Governments should prepare for the worst if aliens visit earth because beings from outer space are likely to be just like humans, a leading scientist is claiming.
Extra-terrestrials might not only resemble us but have our foibles, such as greed, violence and a tendency to exploit others’ resources, says Simon Conway Morris, professor of evolutionary paleobiology at Cambridge University.
And while aliens could come in peace they are quite as likely to be searching for somewhere to live, and to help themselves to water, minerals and fuel, Conway Morris will tell a conference at the Royal Society.

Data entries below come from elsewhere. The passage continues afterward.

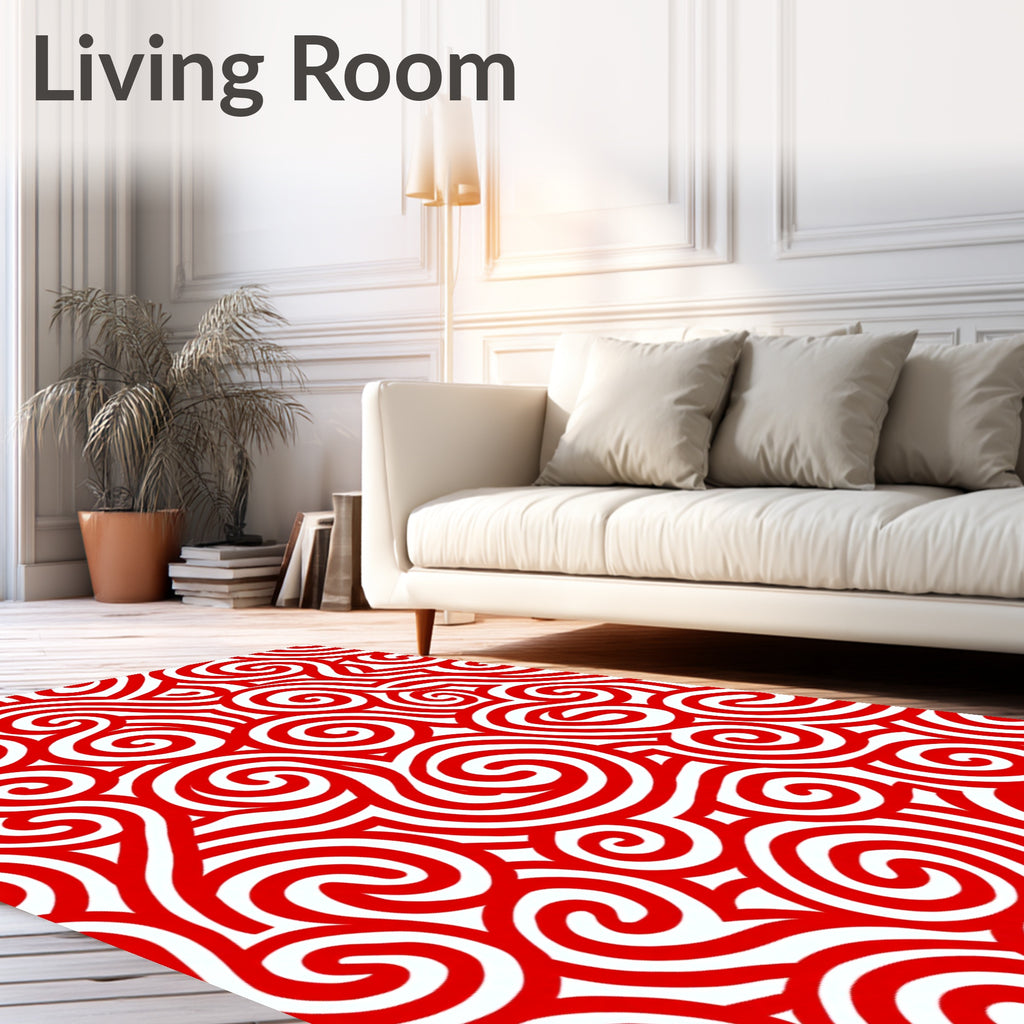 Bold Red Swirl Curlicue Rug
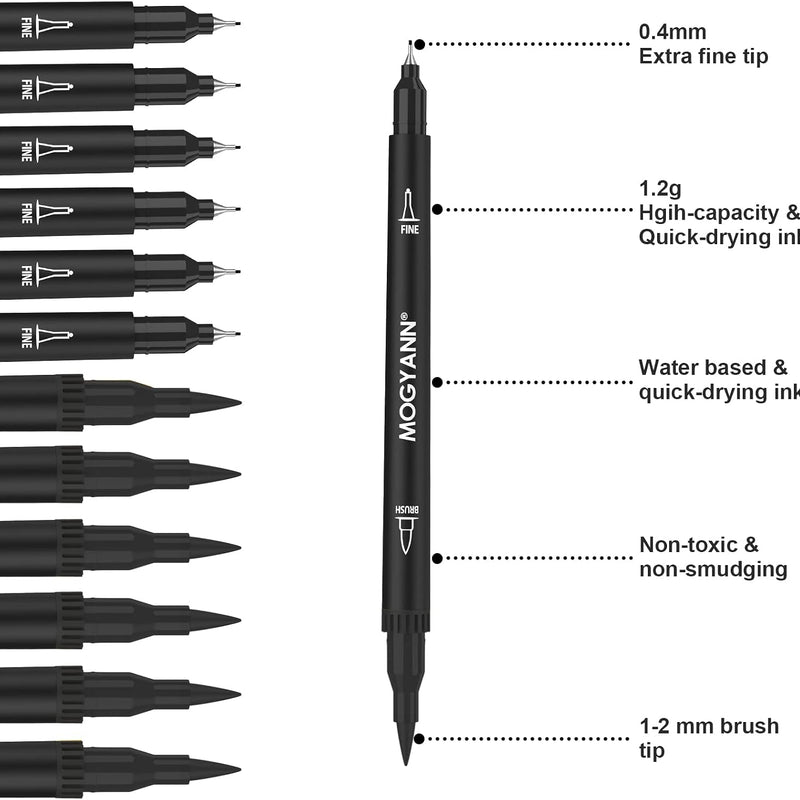 Drawing Pens, 12 Pack Dual Brush Pens Black Markers for Art Drawing Sketching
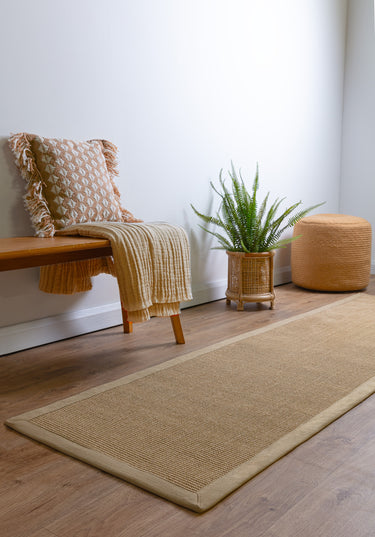 Sisal Jute Plain Non-Slip Linen Natural with Beige Border Rug & Runner - Runner 68x300 cm (2'2"x10')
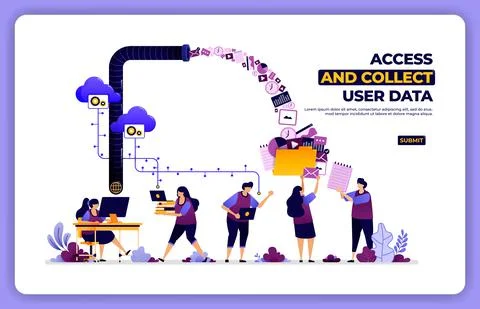 Vector poster of access and collect user data. manage user experience activit Stock Illustration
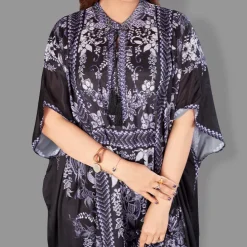 Woven Drawstring Long Kaftan with belt of polyester crape with crystals MIF0014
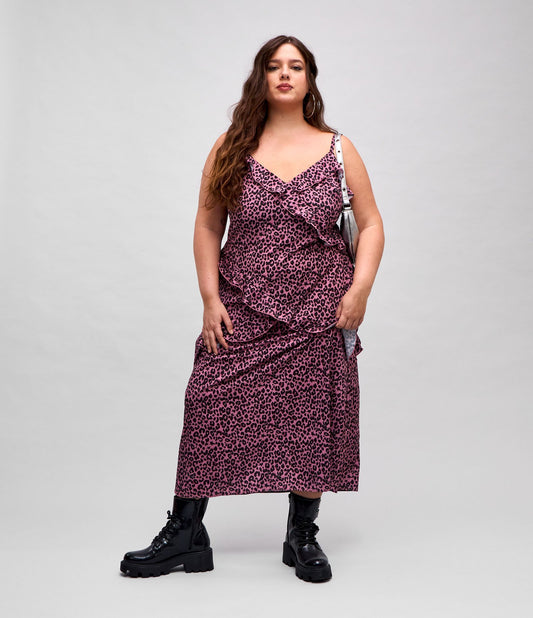 Vestito midi rosa con stampa leopardata in crepe - Curve e taglie forti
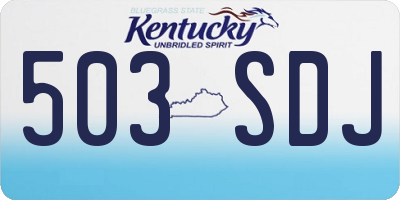 KY license plate 503SDJ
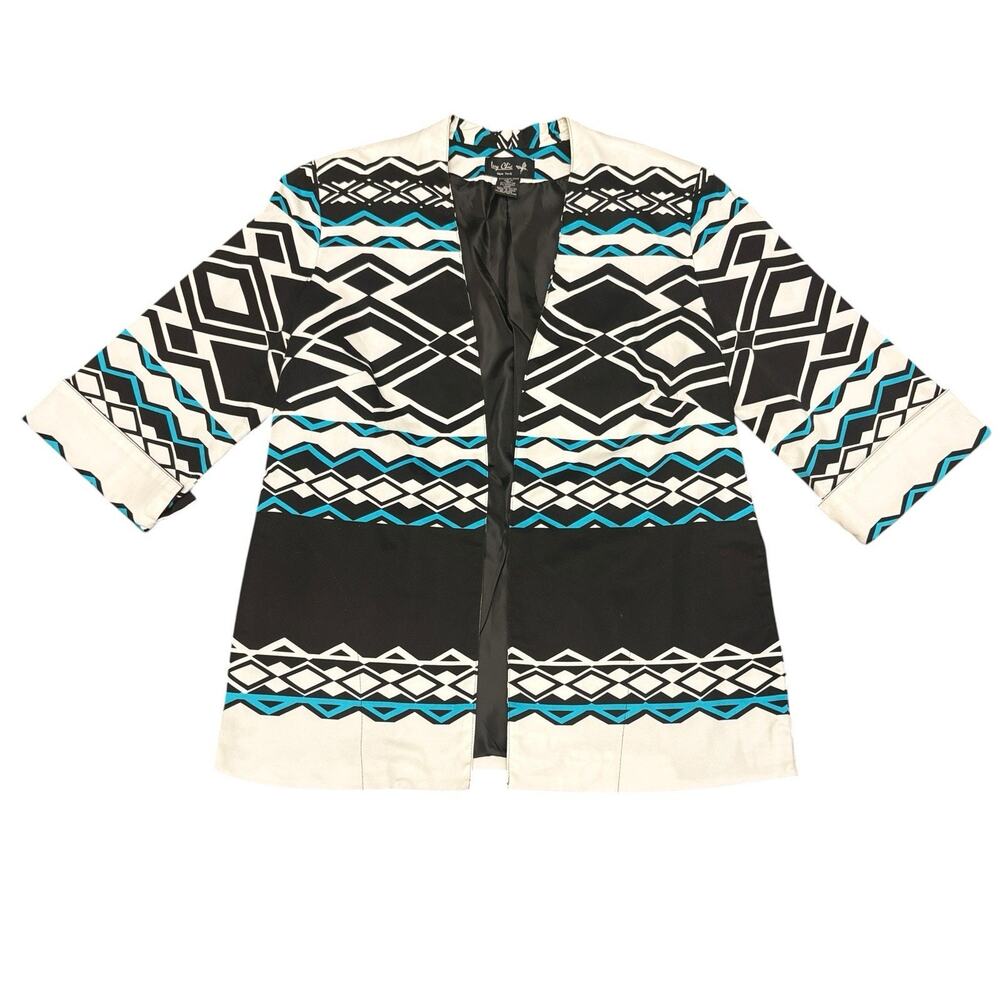 Ivy Chic Geometric Tribal Print Open Front Blazer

His lecture is part of a two-day conference at which experts will discuss how we might detect life on distant planets and what that could mean for society. “Extra-terrestrials … won’t be splodges of glue … they could be disturbingly like us, and that might not be a good thing – we don’t have a great record.”
The US space agency’s search for alien life is based upon the mantra “follow the water”, a strategy reflecting the fact that, on earth, where there’s water there’s life.
Astronomers have detected more than 400 planets outside our solar system, some of which sit in the “Goldilocks zone” where the temperature is neither too hot nor too cold for liquid water to form.
Conway Morris will argue that alien life is most likely to occur on a planet similar to our own, with organisms made from the same biochemicals. The process of evolution will even shape alien life in a similar way, he added.